Required action. Print each line once more, unchanged, from the line holding "DIY Christmas Wreath" to the end of the listing below.

——

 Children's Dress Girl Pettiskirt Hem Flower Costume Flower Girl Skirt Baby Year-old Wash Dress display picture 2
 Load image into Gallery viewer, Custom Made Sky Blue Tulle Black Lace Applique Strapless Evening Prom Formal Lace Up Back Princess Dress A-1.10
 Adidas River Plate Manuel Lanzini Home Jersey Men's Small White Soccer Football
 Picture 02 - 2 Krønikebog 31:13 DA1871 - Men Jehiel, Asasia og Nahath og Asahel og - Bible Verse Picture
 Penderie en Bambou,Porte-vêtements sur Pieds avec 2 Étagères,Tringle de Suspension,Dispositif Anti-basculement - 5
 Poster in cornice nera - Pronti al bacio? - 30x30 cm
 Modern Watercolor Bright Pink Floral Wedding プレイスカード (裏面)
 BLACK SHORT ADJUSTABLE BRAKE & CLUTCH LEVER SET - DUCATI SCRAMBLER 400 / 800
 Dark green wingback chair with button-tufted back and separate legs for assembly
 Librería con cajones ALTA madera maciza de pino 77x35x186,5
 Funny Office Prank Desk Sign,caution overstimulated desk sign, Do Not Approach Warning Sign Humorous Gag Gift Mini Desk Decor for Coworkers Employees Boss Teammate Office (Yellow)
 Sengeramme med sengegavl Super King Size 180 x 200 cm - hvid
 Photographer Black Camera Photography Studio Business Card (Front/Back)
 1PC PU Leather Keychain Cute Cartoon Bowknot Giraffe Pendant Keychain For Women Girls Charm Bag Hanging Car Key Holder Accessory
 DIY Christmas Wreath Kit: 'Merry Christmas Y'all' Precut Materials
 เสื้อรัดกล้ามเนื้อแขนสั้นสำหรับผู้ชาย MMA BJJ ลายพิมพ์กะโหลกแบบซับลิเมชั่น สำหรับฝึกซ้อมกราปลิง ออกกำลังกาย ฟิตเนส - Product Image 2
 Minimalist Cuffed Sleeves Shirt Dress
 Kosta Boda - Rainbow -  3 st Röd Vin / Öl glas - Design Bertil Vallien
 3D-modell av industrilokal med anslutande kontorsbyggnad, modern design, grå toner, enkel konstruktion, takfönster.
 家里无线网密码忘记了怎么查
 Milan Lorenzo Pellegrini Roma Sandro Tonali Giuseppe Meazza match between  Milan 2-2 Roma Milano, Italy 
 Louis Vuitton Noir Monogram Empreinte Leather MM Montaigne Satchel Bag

——

Written response.
 DIY Christmas Wreath Kit: 'Merry Christmas Y'all' Precut Materials
 เสื้อรัดกล้ามเนื้อแขนสั้นสำหรับผู้ชาย MMA BJJ ลายพิมพ์กะโหลกแบบซับลิเมชั่น สำหรับฝึกซ้อมกราปลิง ออกกำลังกาย ฟิตเนส - Product Image 2
 Minimalist Cuffed Sleeves Shirt Dress
 Kosta Boda - Rainbow -  3 st Röd Vin / Öl glas - Design Bertil Vallien
 3D-modell av industrilokal med anslutande kontorsbyggnad, modern design, grå toner, enkel konstruktion, takfönster.
 家里无线网密码忘记了怎么查
 Milan Lorenzo Pellegrini Roma Sandro Tonali Giuseppe Meazza match between  Milan 2-2 Roma Milano, Italy 
 Louis Vuitton Noir Monogram Empreinte Leather MM Montaigne Satchel Bag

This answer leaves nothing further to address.